Il doit donc être souligné que le choix du niveau de référence est parfaitement arbitraire , et que, faute d'une évaluation indépendante et commune à l'ensemble des États signataires, à supposer qu'elle soit techniquement possible, les évaluations du respect des engagements pris par les États risquent de demeurer difficiles.

Les négociateurs du protocole avaient bien conscience de ces limites, puisque ce texte insiste, à plusieurs reprises, sur la nécessité de communiquer des données comparables, transparentes et vérifiables .

Votre Rapporteur s'inquiète toutefois du fait que le protocole ait pu être signé et ratifié par nombre d'États, dont la France, sans que le préalable sur la solidité des données ait été levé.

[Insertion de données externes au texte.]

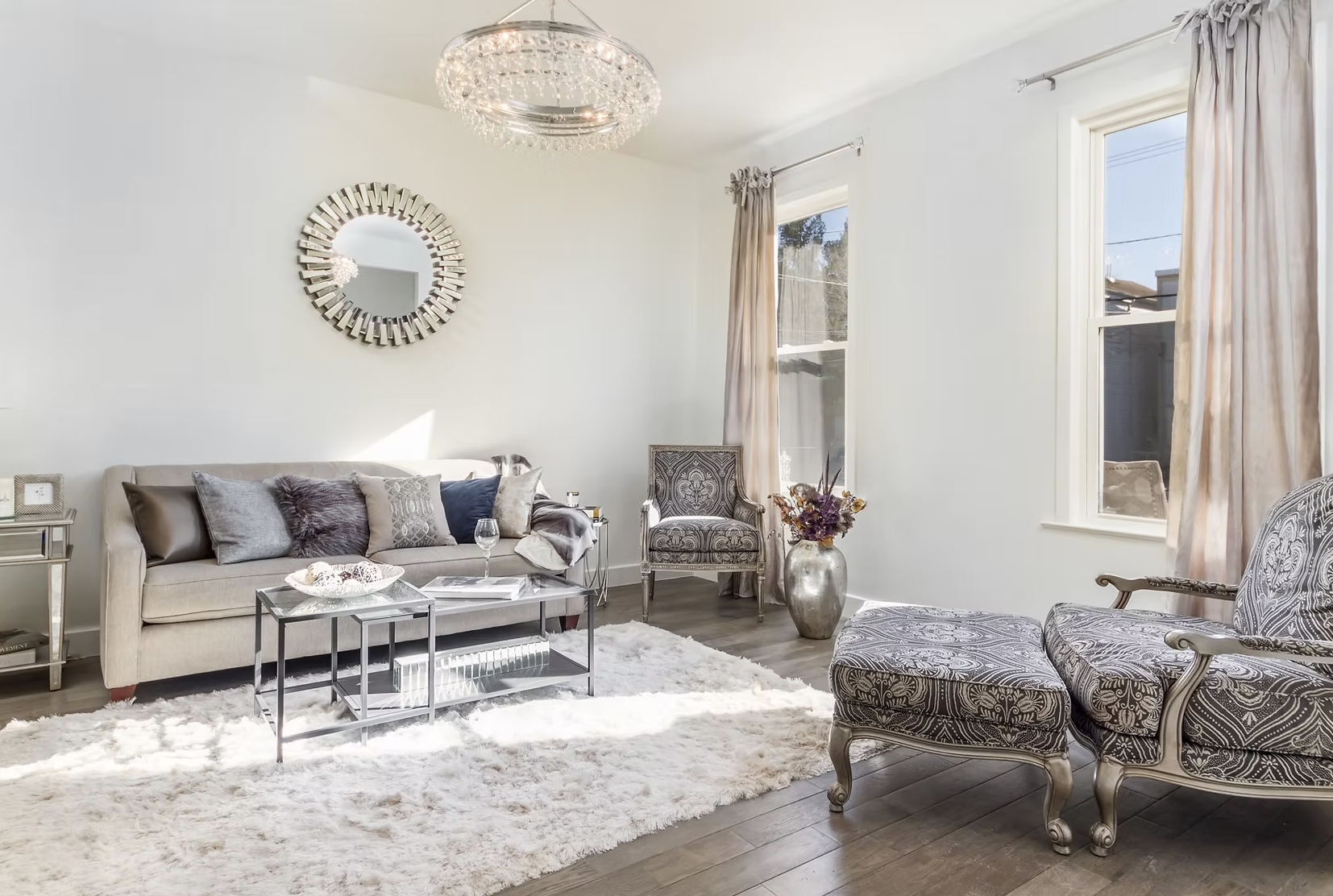 Bright front reception room with tall curtained windows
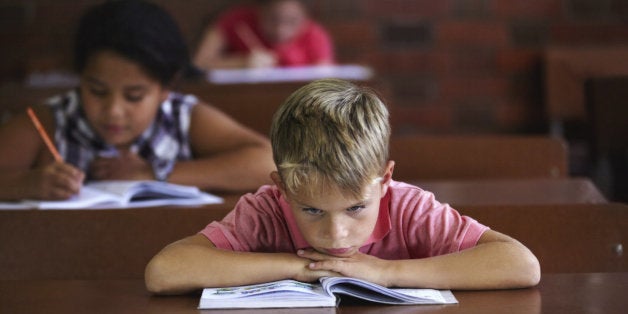 A young boy resting his head on his arms as he sits in a classroom looking bored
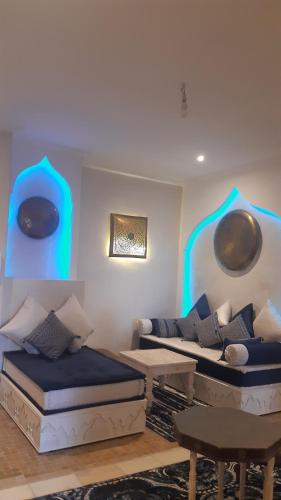 馬拉喀什的住宿－marrakech palmeraie village Etablissement jasmin，一间带两张床和一张沙发的客厅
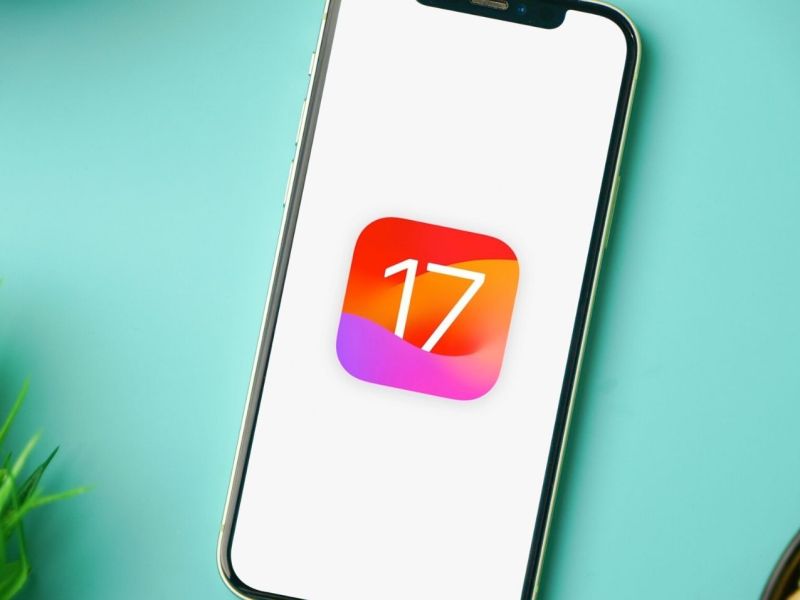 Handy mit einem symbolischen Logo für iOS 17 auf dem Display.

Que se passera-t-il en cas de non respect des engagements pris ? Si les émissions ont été inférieures aux quotas attribués, les pays concernés pourront reporter sur les périodes d'engagement ultérieures les droits d'émissions non utilisés mais aucun mécanisme ne permet de sanctionner un État qui aurait dépassé son quota . Il n'est pas même prévu d'évaluer si le dépassement a été précédé, ou non, d'une sous-consommation antérieure. Depuis 1997, les parties négocient toujours pour imaginer des mesures de sanction allant de simples recommandations à l'imposition de pénalités financières. L'Union européenne a proposé d'établir un système global de contrôle de conformité sous l'autorité d'un observatoire indépendant .

Quoi qu'il en soit, le protocole de Kyoto doit entrer en vigueur lorsqu'il aura été ratifié par 55 États au moins, parmi lesquels des pays développés de l'Annexe I représentant au moins 55 % du volume des émissions totales de dioxyde de carbone des États de l'Annexe I.

Plus de quatre ans après la signature du protocole, le seuil des 55 États est encore loin d'être atteint, tandis que les négociations se poursuivent sur les modalités de fonctionnement des mécanismes de flexibilité et sur l'organisation de dispositifs de contrôle et de sanction. La sixième conférence des Parties tenue à La Haye en novembre 2000 n'a pas permis d'avancer. Au contraire, les États-Unis d'Amérique ont suscité de nouvelles difficultés en posant le problème de l'évaluation des puits de carbone dans leur pays.

Lors de la ratification du protocole de Kyoto par le Sénat français, au mois de mai 2000 (64 ( * )) , le contraste entre l'importance des enjeux liés à l'intensification de l'effet de serre et la faiblesse des dispositions du protocole comme l'attitude ambiguë des États-Unis d'Amérique ont été mis en évidence. Un doute sérieux demeure sur l'application réelle des dispositions de ce protocole .

* (62) Protocole de Kyoto, article 3, paragraphes 5 et 7.

* (63) Les pays en transition vers une économie de marché sont : la Bulgarie, la Croatie, l'Estonie, la Fédération de Russie, la Hongrie, la Lettonie, la Lituanie, la Pologne, la République Tchèque, la Roumanie, la Slovaquie, la Slovénie et l'Ukraine.

* (64)Rapport du sénateur Xavier PINTAT au nom de la Commission des Affaires étrangères de la défense et des forces armées (N° 355, 1999-2000).